= Source material =

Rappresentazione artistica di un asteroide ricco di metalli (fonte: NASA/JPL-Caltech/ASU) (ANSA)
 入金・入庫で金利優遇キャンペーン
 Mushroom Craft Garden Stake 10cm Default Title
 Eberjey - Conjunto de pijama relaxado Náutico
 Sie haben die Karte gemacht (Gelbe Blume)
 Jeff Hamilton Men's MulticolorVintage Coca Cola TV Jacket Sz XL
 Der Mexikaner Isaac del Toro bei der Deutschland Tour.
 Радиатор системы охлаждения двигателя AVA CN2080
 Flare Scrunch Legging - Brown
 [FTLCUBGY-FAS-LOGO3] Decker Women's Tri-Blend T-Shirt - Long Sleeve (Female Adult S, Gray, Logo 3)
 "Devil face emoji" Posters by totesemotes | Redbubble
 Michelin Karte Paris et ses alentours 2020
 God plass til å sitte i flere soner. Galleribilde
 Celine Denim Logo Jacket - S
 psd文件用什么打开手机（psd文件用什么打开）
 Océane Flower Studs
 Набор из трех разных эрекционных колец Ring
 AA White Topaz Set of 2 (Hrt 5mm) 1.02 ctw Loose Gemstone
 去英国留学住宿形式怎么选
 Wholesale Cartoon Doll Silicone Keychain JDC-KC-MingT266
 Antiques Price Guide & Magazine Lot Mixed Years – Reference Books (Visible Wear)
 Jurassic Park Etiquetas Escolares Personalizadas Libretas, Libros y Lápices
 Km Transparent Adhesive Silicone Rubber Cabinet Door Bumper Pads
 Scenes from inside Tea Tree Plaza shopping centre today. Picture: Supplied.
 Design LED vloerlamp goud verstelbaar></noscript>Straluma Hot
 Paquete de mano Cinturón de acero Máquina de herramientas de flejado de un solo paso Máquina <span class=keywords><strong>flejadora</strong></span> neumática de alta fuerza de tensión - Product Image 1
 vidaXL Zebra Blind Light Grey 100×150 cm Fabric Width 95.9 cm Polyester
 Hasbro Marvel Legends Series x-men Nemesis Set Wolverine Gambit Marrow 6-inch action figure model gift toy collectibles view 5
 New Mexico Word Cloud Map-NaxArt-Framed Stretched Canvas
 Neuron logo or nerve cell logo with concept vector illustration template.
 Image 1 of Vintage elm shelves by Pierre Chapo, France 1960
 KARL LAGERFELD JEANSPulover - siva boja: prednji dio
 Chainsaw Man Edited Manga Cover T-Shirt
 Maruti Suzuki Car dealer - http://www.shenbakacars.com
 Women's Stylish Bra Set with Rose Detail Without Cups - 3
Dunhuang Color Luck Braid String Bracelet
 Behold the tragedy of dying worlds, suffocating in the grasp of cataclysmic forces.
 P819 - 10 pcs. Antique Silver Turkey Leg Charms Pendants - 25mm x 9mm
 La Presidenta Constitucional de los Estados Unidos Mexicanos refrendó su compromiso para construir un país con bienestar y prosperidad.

= The task =
In the data above, find the line that contains "Wholesale Cartoon Doll" and the line that contains "Km Transparent Adhesive". Repeat exactly those lines and every line between them, and only those.

= Exercise output =
 Wholesale Cartoon Doll Silicone Keychain JDC-KC-MingT266
 Antiques Price Guide & Magazine Lot Mixed Years – Reference Books (Visible Wear)
 Jurassic Park Etiquetas Escolares Personalizadas Libretas, Libros y Lápices
 Km Transparent Adhesive Silicone Rubber Cabinet Door Bumper Pads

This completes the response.